A primavera 2018 ci siamo aggiudicati il contratto con Wind Tre sulla parte Core della rete e stiamo lavorando già all’ “upgrade” per il 5G dal secondo semestre 2018. Questo contratto rientra tra i 14 annunciati pubblicamente. Un motivo d’orgoglio per l’Italia. Riguardo alle altre telco posso dirle che Ericsson è da sempre il vendor di fiducia delle telco italiane sulla parte Core, la più delicata della rete, che richiede i massimi livelli di sicurezza. A seguito dell’asta 5G le telco stanno ora lavorando all’assegnazione degli appalti in vista della realizzazione delle reti. Al momento stiamo collaborando su vari fronti nell’ambito delle sperimentazioni: siamo coinvolti in una serie di trial con Tim e Fastweb a Torino, Roma, Genova, Livorno, Sanremo. Alcune delle sperimentazioni messe in campo con Tim sono tra le più avanzate al mondo.  Per non parlare poi di quelli che stiamo portando avanti nell’ambito delle attività di ricerca dei nostri tre centri di Genova, Pisa e Pagani. Emblematico il progetto che ci vede coinvolti con Tim e Comau, diventato una best practice a livello internazionale. Un risultato reso possibile grazie alle ingenti risorse in campo in termini di specialisti. Mi preme evidenziare che Ericsson in Italia conta 700 ricercatori e che è questo l’asset vero che fa la differenza. L’innovazione si misura soprattutto in termini di competenze sul campo. I principali vendor possono vantare tutti più o meno asset tecnologici di grande qualità, ma il reale valore aggiunto si misura sulla capacità di sostenere l’economia locale.

In che modo?

Investire in tecnologie è scontato.

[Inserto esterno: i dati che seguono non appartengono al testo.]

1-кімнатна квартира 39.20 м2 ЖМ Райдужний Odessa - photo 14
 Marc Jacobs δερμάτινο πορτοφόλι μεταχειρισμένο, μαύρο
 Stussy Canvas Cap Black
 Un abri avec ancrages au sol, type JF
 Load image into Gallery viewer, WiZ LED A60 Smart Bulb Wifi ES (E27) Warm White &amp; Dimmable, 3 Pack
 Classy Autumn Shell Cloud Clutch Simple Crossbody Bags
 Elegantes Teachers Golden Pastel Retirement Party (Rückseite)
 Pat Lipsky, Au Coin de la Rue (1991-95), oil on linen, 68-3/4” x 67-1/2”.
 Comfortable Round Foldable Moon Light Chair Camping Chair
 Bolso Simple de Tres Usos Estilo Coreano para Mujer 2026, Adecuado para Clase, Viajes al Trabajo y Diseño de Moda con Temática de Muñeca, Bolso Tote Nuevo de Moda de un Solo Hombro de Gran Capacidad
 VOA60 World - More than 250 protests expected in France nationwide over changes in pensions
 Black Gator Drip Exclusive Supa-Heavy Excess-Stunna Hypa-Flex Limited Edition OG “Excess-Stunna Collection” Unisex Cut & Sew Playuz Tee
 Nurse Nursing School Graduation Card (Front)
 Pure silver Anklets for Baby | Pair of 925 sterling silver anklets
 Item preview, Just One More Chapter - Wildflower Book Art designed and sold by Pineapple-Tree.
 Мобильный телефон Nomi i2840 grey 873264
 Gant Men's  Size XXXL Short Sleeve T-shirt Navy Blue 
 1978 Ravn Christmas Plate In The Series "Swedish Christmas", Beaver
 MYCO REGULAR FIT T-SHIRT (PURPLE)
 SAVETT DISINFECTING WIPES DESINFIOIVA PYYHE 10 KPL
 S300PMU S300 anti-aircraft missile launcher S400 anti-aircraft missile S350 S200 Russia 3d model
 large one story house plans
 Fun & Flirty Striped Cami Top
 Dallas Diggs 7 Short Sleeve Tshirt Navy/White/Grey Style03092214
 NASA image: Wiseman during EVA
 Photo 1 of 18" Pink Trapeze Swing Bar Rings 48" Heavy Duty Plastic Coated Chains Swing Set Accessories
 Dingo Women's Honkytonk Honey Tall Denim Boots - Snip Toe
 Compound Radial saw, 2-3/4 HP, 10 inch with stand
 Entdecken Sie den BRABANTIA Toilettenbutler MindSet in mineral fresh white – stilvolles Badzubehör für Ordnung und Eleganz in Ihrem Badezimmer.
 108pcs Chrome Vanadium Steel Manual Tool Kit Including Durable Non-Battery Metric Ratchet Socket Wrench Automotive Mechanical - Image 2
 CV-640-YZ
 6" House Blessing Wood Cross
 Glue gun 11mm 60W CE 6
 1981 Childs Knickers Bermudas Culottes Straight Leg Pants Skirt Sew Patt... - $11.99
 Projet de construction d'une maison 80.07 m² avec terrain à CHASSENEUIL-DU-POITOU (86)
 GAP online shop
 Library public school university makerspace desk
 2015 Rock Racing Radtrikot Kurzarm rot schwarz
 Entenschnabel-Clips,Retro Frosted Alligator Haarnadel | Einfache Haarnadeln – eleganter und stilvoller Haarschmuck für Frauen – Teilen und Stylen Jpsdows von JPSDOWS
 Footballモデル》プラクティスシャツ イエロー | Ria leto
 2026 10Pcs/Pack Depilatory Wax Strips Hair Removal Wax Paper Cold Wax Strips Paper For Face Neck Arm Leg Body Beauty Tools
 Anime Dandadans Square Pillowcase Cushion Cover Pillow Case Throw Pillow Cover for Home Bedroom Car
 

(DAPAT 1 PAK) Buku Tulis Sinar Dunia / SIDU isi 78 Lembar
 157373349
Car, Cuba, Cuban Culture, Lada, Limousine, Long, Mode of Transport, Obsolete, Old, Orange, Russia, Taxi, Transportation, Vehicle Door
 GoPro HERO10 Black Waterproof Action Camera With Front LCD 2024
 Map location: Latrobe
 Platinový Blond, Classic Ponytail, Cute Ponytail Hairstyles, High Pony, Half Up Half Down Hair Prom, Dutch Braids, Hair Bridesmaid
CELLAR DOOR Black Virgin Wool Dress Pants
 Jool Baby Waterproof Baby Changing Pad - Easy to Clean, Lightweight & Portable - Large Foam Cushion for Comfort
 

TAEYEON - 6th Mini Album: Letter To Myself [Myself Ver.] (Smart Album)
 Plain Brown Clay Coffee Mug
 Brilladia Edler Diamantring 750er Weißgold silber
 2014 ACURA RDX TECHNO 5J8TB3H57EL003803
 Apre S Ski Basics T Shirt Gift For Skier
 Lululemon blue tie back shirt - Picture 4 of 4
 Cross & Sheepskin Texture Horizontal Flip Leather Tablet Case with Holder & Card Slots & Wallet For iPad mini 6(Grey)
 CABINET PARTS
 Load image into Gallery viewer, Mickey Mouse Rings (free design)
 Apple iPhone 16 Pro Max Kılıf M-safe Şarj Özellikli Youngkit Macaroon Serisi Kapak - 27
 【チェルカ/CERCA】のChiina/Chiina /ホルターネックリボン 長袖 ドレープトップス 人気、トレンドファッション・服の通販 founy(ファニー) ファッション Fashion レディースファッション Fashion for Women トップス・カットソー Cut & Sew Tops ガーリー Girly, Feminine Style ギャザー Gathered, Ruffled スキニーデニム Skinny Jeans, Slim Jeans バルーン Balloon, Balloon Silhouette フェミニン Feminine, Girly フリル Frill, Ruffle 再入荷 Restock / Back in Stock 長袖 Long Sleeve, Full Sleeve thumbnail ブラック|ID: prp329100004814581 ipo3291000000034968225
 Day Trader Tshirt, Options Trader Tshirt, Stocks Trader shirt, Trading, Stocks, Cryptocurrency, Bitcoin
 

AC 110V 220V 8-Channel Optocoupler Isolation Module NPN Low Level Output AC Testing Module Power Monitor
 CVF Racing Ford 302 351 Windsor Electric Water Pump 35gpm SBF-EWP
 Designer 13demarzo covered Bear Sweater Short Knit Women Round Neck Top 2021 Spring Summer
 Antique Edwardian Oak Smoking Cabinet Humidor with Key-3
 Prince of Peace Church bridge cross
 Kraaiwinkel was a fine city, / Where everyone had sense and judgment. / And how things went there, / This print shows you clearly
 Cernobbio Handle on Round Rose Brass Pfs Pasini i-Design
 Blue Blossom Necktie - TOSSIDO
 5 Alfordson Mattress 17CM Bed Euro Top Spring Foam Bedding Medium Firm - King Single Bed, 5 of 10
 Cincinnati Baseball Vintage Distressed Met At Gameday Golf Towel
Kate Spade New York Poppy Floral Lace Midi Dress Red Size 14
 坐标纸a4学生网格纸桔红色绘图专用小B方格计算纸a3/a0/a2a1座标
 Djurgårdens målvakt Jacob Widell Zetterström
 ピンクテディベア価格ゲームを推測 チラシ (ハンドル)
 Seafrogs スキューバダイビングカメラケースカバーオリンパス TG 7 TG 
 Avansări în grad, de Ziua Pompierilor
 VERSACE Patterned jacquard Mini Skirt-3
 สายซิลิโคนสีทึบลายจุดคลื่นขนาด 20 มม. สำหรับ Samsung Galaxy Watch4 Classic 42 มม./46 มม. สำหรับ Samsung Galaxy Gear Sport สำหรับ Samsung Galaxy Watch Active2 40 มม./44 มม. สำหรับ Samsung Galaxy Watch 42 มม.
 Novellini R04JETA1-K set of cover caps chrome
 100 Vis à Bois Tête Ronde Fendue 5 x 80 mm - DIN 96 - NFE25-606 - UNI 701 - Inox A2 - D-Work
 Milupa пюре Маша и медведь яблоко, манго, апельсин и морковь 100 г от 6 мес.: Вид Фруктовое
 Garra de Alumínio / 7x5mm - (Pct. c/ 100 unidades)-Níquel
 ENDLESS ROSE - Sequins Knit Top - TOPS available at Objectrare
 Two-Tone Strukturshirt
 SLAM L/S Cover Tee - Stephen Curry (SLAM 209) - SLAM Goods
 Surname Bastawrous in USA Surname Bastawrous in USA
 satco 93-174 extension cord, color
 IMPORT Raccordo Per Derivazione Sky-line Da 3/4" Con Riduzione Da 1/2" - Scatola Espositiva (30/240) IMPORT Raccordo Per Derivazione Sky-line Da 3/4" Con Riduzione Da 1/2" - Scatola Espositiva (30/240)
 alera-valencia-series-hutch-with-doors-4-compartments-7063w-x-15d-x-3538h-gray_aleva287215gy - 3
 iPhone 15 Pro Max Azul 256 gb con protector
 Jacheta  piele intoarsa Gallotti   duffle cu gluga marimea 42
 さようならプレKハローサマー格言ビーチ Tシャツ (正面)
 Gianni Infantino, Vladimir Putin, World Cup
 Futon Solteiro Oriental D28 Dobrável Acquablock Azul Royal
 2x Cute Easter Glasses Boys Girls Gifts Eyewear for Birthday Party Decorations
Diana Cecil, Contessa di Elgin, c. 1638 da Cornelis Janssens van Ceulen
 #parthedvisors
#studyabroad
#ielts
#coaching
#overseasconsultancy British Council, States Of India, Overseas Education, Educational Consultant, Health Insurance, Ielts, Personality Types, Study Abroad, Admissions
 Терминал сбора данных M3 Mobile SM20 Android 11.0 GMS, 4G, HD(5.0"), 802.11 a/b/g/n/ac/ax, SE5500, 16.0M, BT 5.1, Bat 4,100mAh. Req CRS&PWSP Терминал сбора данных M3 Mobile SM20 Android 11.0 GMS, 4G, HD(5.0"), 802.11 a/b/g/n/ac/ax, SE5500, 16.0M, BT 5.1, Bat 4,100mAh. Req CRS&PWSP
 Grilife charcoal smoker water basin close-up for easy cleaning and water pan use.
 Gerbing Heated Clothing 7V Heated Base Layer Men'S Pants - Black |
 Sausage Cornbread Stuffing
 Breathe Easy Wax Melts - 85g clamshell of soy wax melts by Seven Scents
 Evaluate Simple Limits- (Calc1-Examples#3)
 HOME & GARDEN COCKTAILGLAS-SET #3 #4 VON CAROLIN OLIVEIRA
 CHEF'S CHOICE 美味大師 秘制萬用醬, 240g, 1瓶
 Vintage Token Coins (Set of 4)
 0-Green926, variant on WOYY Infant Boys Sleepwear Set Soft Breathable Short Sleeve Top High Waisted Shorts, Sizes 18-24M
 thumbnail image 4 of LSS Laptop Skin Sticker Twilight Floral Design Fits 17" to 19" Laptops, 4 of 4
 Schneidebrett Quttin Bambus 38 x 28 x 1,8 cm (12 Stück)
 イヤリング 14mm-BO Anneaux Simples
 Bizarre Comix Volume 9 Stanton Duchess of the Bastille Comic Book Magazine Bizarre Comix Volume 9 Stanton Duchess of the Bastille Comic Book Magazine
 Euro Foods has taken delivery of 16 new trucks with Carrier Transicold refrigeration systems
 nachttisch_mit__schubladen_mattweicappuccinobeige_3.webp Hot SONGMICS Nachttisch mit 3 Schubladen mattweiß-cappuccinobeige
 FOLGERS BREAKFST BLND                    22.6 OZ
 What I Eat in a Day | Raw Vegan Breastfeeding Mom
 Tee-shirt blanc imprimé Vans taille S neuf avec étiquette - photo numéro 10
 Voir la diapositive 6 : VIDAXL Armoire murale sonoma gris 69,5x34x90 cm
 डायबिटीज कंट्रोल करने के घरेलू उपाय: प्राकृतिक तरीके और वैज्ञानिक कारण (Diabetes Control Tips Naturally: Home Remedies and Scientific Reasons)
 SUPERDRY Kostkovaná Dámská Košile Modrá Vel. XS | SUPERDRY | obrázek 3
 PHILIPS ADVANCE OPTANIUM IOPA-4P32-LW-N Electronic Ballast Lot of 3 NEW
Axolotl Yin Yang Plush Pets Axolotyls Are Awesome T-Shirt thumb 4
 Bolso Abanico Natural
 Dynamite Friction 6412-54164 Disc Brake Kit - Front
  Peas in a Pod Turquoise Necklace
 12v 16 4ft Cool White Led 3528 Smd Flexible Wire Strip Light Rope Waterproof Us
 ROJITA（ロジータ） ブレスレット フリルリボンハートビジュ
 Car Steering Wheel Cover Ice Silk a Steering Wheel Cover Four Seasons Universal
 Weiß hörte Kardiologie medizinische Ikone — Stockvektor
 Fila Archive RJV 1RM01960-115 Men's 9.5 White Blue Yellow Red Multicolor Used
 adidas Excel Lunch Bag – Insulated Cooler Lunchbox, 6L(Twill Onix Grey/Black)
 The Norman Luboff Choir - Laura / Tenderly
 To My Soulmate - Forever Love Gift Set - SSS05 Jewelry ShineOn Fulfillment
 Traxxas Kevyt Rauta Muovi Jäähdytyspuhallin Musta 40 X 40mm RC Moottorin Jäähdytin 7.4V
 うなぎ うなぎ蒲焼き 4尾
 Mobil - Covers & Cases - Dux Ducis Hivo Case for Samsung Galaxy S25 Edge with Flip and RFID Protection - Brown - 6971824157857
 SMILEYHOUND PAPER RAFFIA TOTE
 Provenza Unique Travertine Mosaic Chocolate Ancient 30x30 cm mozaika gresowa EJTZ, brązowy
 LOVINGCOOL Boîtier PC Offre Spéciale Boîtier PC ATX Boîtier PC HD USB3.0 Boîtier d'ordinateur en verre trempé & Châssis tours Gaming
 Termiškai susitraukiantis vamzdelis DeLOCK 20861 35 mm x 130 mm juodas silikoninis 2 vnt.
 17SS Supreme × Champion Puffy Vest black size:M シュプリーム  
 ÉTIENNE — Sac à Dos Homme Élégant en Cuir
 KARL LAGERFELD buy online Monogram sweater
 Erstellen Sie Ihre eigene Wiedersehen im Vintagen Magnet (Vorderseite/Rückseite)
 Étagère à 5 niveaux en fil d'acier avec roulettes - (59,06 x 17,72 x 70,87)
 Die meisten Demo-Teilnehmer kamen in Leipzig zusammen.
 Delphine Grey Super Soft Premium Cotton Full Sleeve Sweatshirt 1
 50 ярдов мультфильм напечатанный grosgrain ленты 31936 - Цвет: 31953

Non si può diventare un’azienda globale se non si punta sull’avanguardia tecnologica. È la conditio sine qua non su cui non si discute. Ma ciò non è sufficiente per contribuire allo sviluppo dell’ecosistema e per sostenere i territori in cui ci si aggiudicano i contratti. Il valore “reale” di un vendor si misura sulla sua capacità di mettere in moto l’economia. La quantità di contratti messi a segno non è sinonimo di economia “reale”. Le domande da porsi sono: qual è la capacità di un vendor di sostenere lo sviluppo di un Paese? Di mettere in moto l’indotto? Quanti investimenti si creano sul territorio? Quante sono le risorse umane locali impiegate? Quanto il potenziale di crescita? Ericsson su questo fronte è decisamente un “campione”: vantiamo circa 14mila ricercatori in Europa in 22 centri localizzati in 15 paesi, di cui 3 in Italia. È la ricerca il vero motore della crescita. E sono questi i numeri che fanno davvero la differenza, è questo il vero asset che l’Europa deve valorizzare se vuole accelerare sul 5G. Investimenti concreti generano azioni concrete. Investire in un Paese vuol dire soprattutto investire sulle risorse umane, sviluppare competenze iper-qualificate a sostegno del lavoro di tutti gli attori in campo. Continueremo a spingere su questo fronte. Ed è così che giocheremo la nostra partita.  

E gli altri?

Posso parlare per Ericsson. Ma credo sia raro trovare altre aziende multinazionali così radicate nel tessuto italiano come lo è Ericsson. 100 anni di presenza, circa 3000 persone, 3 centri di ricerca che lavorano a stretto contatto con università e clienti, 700 ricercatori, 600 brevetti generati negli ultimi 20 anni. E ora acceleriamo con il 5G.